Evidently both Guy Joseph and his party leader had days earlier made up their twinned minds that what was scheduled to come before parliament on Tuesday this week was indeed “a non-issue.” At any rate, not nearly as worthy of their combined attention as was finding a harbor for Allen Chastanet’s political catamaran, not vulnerable to en-rouge surprise assaults.
Already some folks were comparing the last mentioned to the homeless now occupying the derelict Central Police Station. The old line that Kenny Anthony didn’t have a constituency when he returned home in 1996 had long ago lost its sting. In truth, he had everything going for him: a distressed party that considered him its only savior, and at least three constituencies at his disposal.

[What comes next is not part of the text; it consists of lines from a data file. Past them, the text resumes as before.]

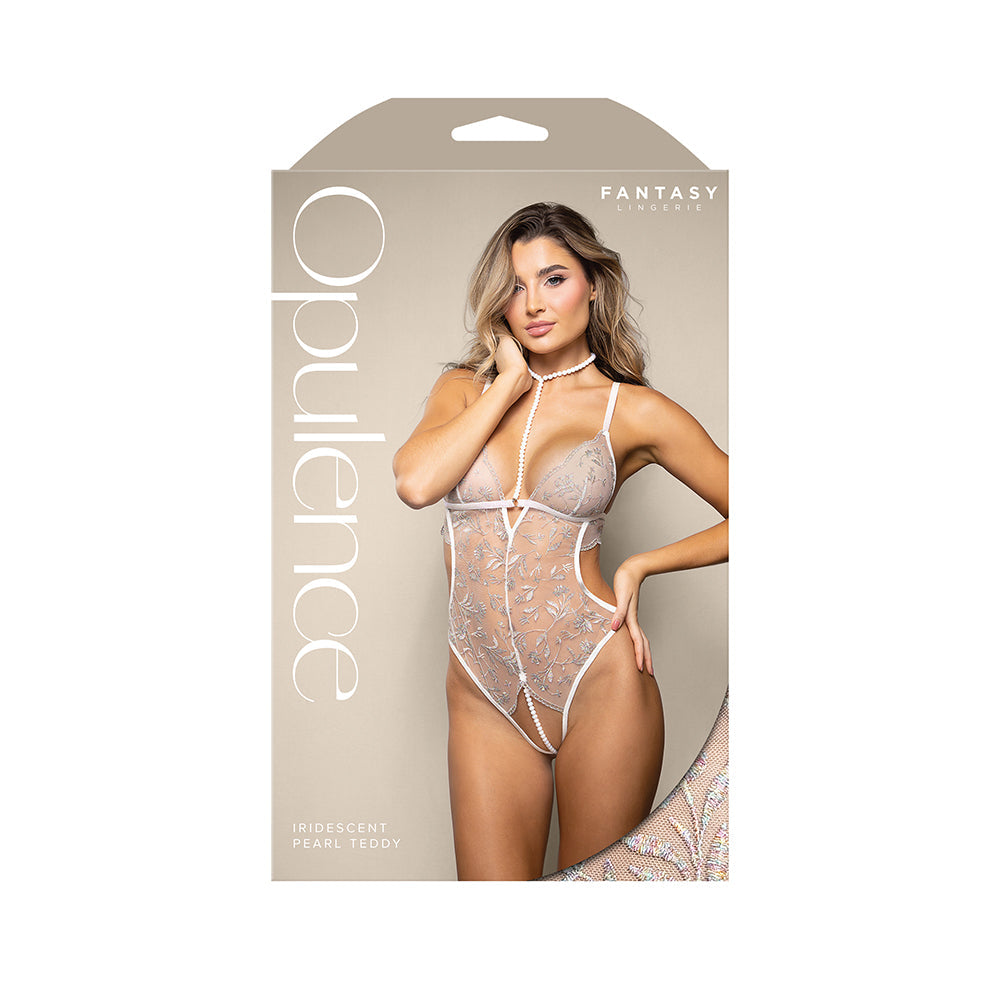 Opulence Metallic Embroidered Teddy with Pearl Harness and Open Crotch (L/XL)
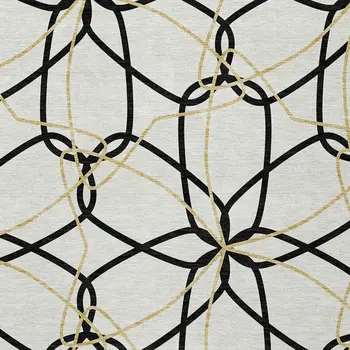 3' X 5' White And Black Geometric Washable Indoor Outdoor Area Rug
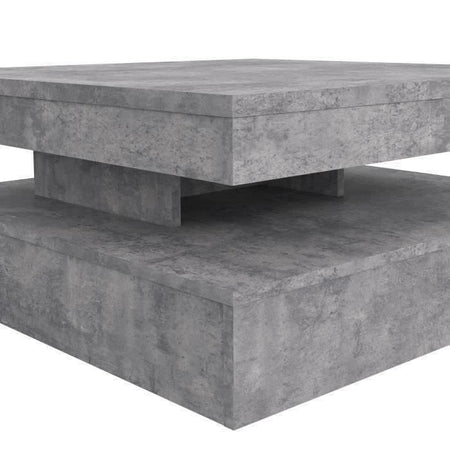 Tavolino quadrato girevole - Truciolare - Decoro cemento grigio chiaro - Classico - L 78 x P 78 x H 35,4 cm - CAFF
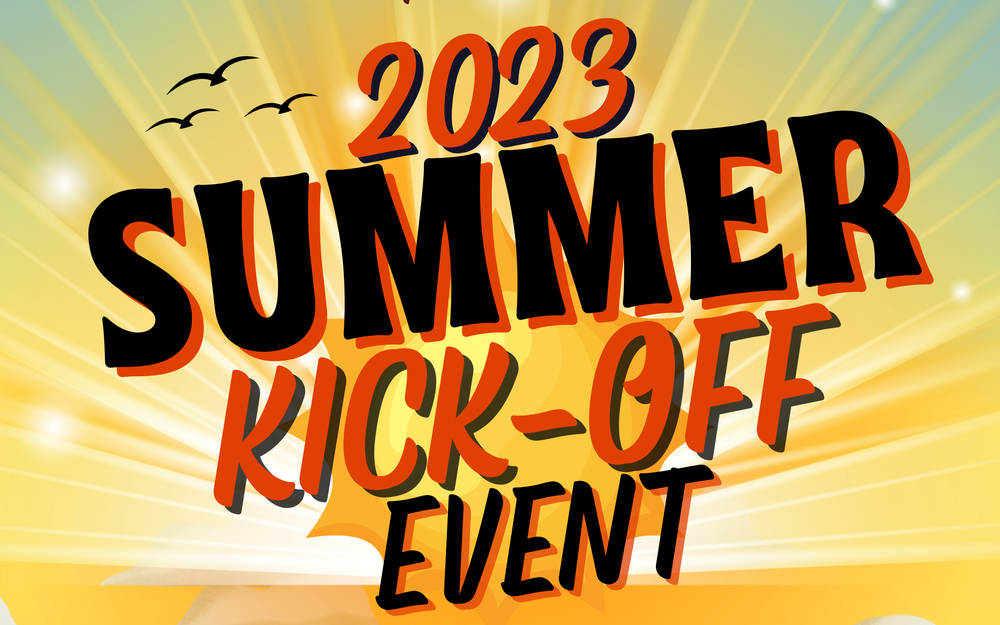 graphic, setting sun, 2023 summer kick-off event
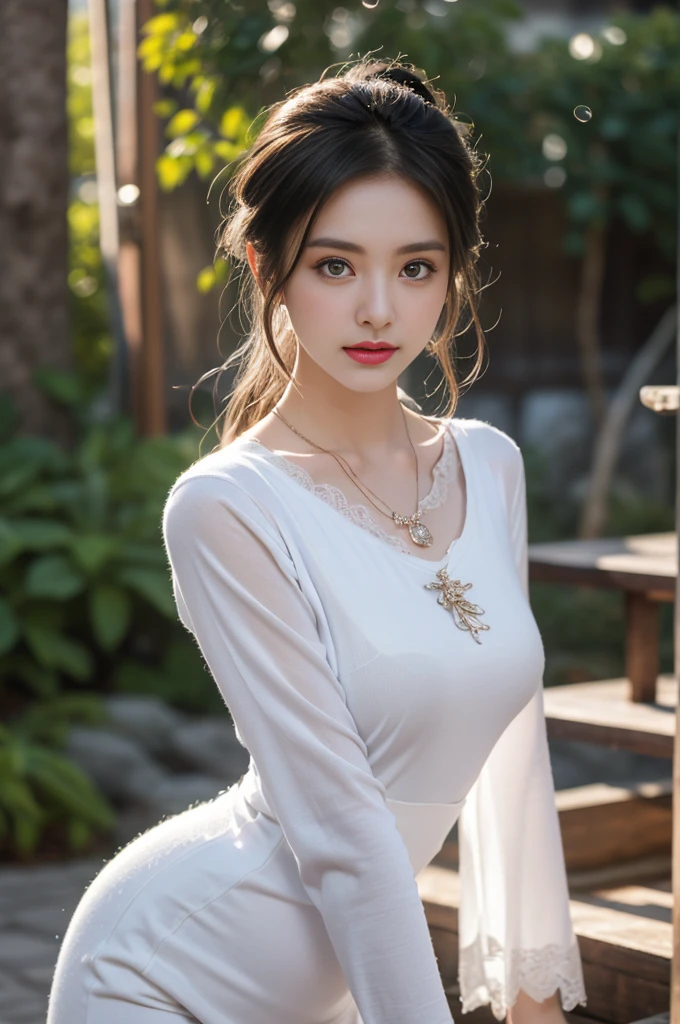 1 beautiful girl in Hanfu costume, ((white thin purple silk shirt with a lot of texture)), white lace top, long purple platinum ponytail Hair, Jewelry, ear jewelry, necklaces and necklaces, carefully drawn big purple eyes, makeup careful, thin eyebrows, high nose, beautiful red lips, no smile, pursed lips, rosy cheeks, wide breasts, big breasts, proportional breasts, slim waist, purple fishnet socks, chinese hanfu style, fictional art texture, colorful bright and realistic, RAW Photo, Realistic Photo, ultra high quality 8k surreal photo, (effective fantasy light effect: 1.8), 10x pixels, magical effect (Background): 1.8), ultradetailed eyes, full body portrait of girl , Chinese royal garden background, dynamic pose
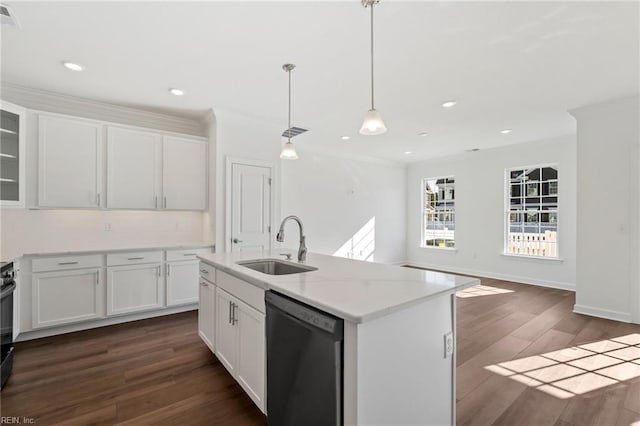 kitchen with crown molding, dark wood-style flooring, dishwasher, and a sink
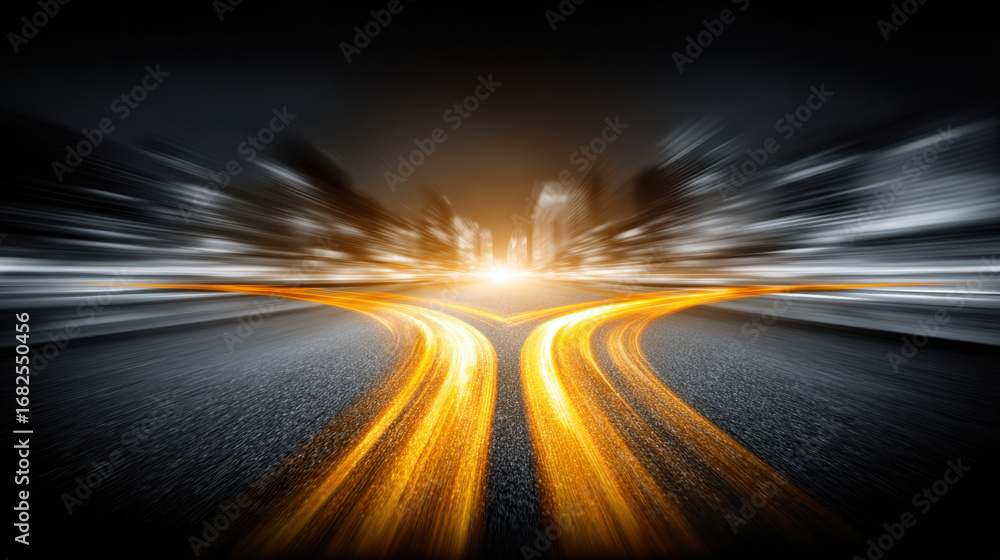 Poster dynamic view of road splitting into two paths, illuminated by bright orange light trails, creating s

Most important was that he had the respect, no, the reverence of the party that had just dumped Julian Hunte on his duff, to the extent they had agreed to make Kenny leader unopposed.
As for Chastanet, he had tested the mudholes in several environs, only to come away dissatisfied with the level of enthusiasm generated among the more important community hotshots. It had become quite evident that Chastanet’s ostensible voice in the House was far more interested in her own immediate future—including a possible raid on the party leadership at the first opportunity.
Imagine that! Even the press appeared in recent times to have abandoned all things Chastanet. Something had to be done, and fast. Frustrated insiders were talking about abandoning the not-so-charismatic Chas. Guy Joseph’s performances in parliament, once excitement-guaranteed were becoming more and more ho-hum. Some blamed it on the distractions of his recent marriage; others knew better.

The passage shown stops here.